There have been several instances where you’ve gotten lucky to even survive your time within a kitchen, honestly. But, for some bizarre reason that you’re scared to find out the answer to, Yuri has decided to offer you a lesson in creating what she called “simple dishes”. You’re not so convinced they will be. 
The pristine appliances are the first thing you notice. The oven and hob clean enough to see your reflection in it. Various utensils line the walls hanging from hooks. Pots and pans all of the different shapes but all clean as a whistle. The counter-tops are made from wood and currently sporting an abundance of ingredients from fresh vegetables. poultry plus a rack of more spices than you’ve ever borne witness to. 
“It’s nice, right?” Yuri asks from behind one of the counters. Her smile is wide with excitement as she removes a few tomatoes from the fridge beside her. 
“Yeah, it’s pretty. Scary… but pretty.”
If you were to be honest with her, looking at how tidy everything is and how it’s decorated down to the smallest detail such as having framed recipes here and there on the walls, you’re rather worried that once you’re done it’s going to look like a scene from an action movie after the two main characters burst through glass windows to fight one another. 

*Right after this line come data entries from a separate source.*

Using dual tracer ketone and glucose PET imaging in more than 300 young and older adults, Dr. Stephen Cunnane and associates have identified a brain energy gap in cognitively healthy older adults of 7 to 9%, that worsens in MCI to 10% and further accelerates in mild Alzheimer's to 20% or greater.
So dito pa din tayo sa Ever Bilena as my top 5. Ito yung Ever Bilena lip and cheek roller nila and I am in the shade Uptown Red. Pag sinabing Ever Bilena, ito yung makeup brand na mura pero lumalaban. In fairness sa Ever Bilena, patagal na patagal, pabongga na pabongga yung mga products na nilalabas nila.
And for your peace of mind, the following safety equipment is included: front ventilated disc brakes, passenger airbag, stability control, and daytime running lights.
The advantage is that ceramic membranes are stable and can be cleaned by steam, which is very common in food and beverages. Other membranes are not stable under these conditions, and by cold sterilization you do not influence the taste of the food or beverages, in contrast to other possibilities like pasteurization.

“Wash your hands and we can get started,” She points you over to where the sink is and you hesitantly head toward it. “There’s no reason to be scared, I’m going to be right here with you every step of the way.”

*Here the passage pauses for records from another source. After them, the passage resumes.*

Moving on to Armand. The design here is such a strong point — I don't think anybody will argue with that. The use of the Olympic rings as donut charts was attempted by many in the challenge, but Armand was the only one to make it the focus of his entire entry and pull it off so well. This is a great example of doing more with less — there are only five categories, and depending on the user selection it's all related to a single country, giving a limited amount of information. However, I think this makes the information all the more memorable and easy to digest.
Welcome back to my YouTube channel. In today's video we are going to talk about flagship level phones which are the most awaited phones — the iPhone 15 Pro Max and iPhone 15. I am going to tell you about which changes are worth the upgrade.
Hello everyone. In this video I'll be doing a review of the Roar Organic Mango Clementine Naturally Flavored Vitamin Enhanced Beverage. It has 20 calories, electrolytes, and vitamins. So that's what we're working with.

“You haven’t seen me cook before, Yuri. It’s the stuff of nightmares.”
“Well, I don't scare easily.” Her smile fills her face this time showing off her adorable cheeks you can’t help but smile back at. “Here, I brought along an extra, figured you don’t own one, what with your poisonous skills in here.” 

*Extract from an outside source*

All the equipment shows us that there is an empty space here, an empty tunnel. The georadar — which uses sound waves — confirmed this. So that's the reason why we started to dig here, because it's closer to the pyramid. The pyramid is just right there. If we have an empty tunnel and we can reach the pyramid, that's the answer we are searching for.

Her right-hand holds out an apron toward you, pink in color with small yellow flowers dotted around the material. The one Yuri is sporting is similar except blue with red flowers. Trying to tie the straps around your waist even proves to be difficult which should have been a sign for Yuri to make a run for it there and then. However, she instead snakes her hands around your waist from in front of you and easily laces a knot with the strings to firmly hold your apron in place. 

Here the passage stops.